Consumer sensory analysis

One hundred consumers (over the age of 18 years) were recruited to determine the overall acceptability of four cookies (0%, 30%, 50% and 70% substitution by barley flour) and a commercial (regular) cookie (ChipsAhoy®; Kraft Foods, Northfield, IL, U.S.A.). A 9-point hedonic scale (1 = dislike extremely to 9 = like extremely) was used to record the liking scores of the consumers.

Data analysis

Analysis of variance (ANOVA) was performed on instrumental data (A_w and colour parameters), descriptive data (18 attributes), and consumer data (overall liking). The judges were used as a random effect in the overall statistical model and hence replicate by treatment was used as the error term for the treatments in the descriptive data. Fisher’s least square difference (LSD) was used as a post-hoc mean separation technique for the treatments (error term: replicate by treatment). Differences among data were determined at the 5% level of significance. Principal component analysis (PCA) was carried out on the descriptive data.

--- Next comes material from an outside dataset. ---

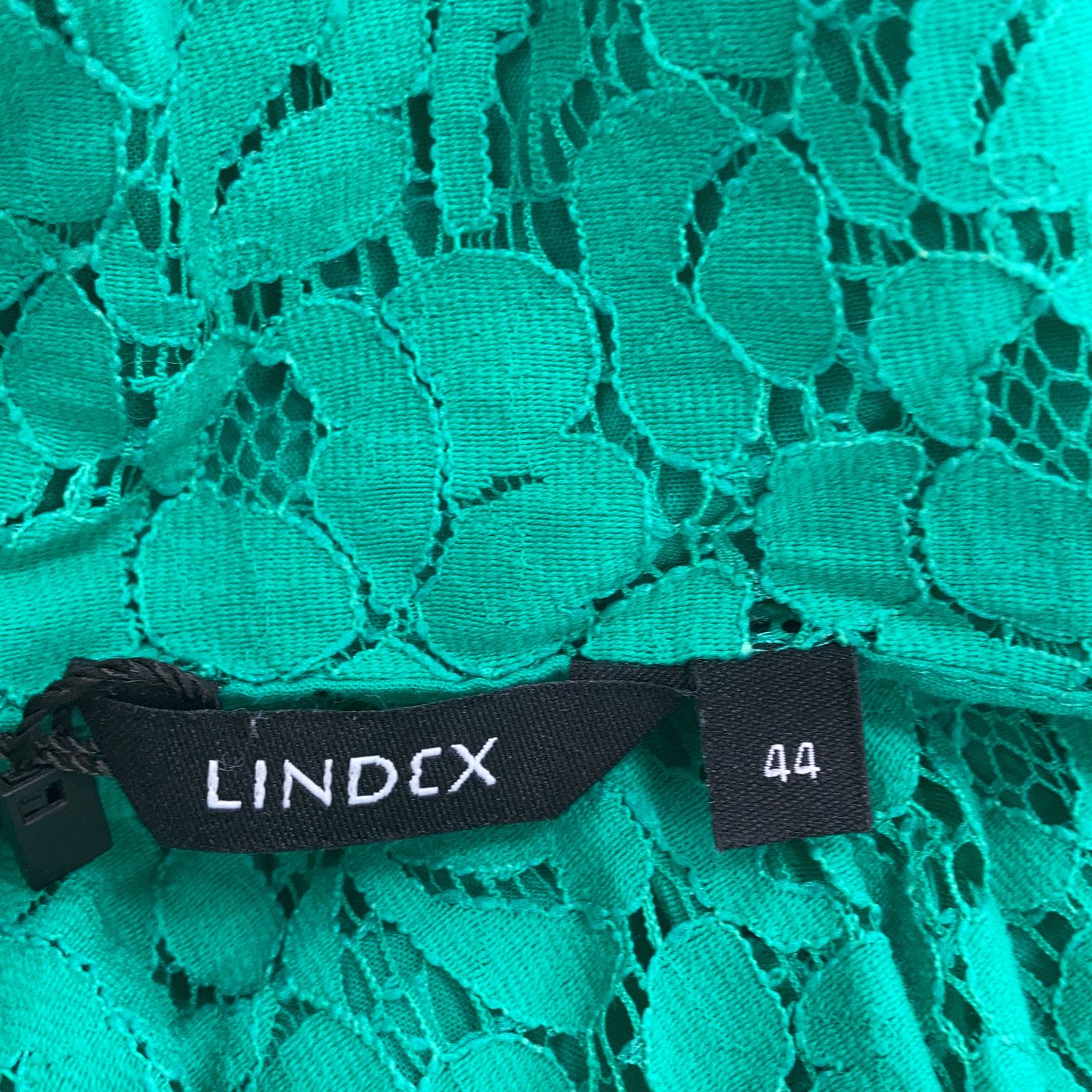 Lindex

A two-dimensional PCA biplot was graphed where cookie samples were placed in the sensory space created by the descriptive attributes. The data analysis (ANOVA and PCA) was completed using SAS® (Version 9.1.3; SAS Institute, Cary, NC).

Results and discussion

Water activity

Water activity (A_w) of the various cookie doughs and baked cookies are shown in Table 3. The A_w of the cookie dough decreased with increasing amounts of barley flour. The A_w of baked cookies was slightly higher (p < 0.05) in cookies with added barley flour as compared to the control cookie. The difference in A_w observed with addition of barley flour is probably because of the greater water holding capacity of barley flour. The barley flour (Prowashonupana) used in our study is known to absorb moisture at around three times its dry weight compared to refined wheat flour which absorbs around one and a half times its dry weight (Matz 1978; Manley 2000). The water absorption is higher in Prowashonupana barley because of the higher β-glucan content. The higher A_w of baked barley cookies could be also because of the ability of the soluble fibre to hold water at high temperatures associated with baking (Manley 2000). A similar study done on fibre-enriched cookies by Soto-Mendívil and Vidal-Quintanar (2001) showed that moisture content of the cookies increased with higher substitution of regular flour with nixtamalized (softening process by soaking corn in hot lye solution) corn hull. Some other studies have also shown that increasing fiber content of the flour increased A_w or moisture content of baked goods (Ranhotra et al. 1991; Grigelmo-Miguel et al. 1999).

Table 3.

The means (n = 3) for the instrumental analyses of barley cookies

Treatment1	Instrumental terms
	Water activity (Dough)	Water activity (Cookies)	Colour parameters
			Lightness (L*)	Redness (a*)	Yellowness (b*)
0%	0.80a	0.46c	61.0a	9. 6bc	30.6a
30%	0.80ab	0.50a	56.2c	8.9c	27.2b
40%	0.79b	0.47bc	56.3c	10.8a	30.1a
50%	0.79c	0.50a	57.1bc	10.1b	28.9a
60%	0.78c	0.49ab	56.5bc	11.5a	30.5a
70%	0.78c	0.50a	59.4ab	10.0b	29.4a

¹% refers to percentage substitution of total all-purpose flour weight by barley flour

^a,b,cColumn means with no common superscript differ (p < 0.05).

Colour

The tristimulus colour parameters (L*, a* and b*) did not show any consistent trends for the experimental cookies (Table 3). The lightness (L*) of the control and 70% barley cookies was similar, and higher than the rest of the samples. The cookies with 30 and 40% substitution with barley flour were darker than rest of the cookies containing barley flour. The 70% barley cookie was significantly (p < 0.05) lighter than the 30% barley cookie, which might indicate that the cookies become lighter in colour with increasing substitution with barley flour. Vratanina and Zabik (1978) noted a decrease in L* values for sugar-snap cookies with increasing substitution with red and white bran. Both the fibres were substituted for wheat flour at 10, 20, and 30% levels in the cookies. Higher L* values indicate whiter or lighter colour in the products. There was no consistent trends in either redness (a*) or yellowness (b*). Rasco et al. (1990) reported that the crust colour of breads made with barley distillers’ grain were darker and redder. The colour differences, although small, increased with the increase in substitution of bread flour with barley distillers’ grain. The colour difference in their products could be because of using barley spent grain, which is darker in colour and not barley flour.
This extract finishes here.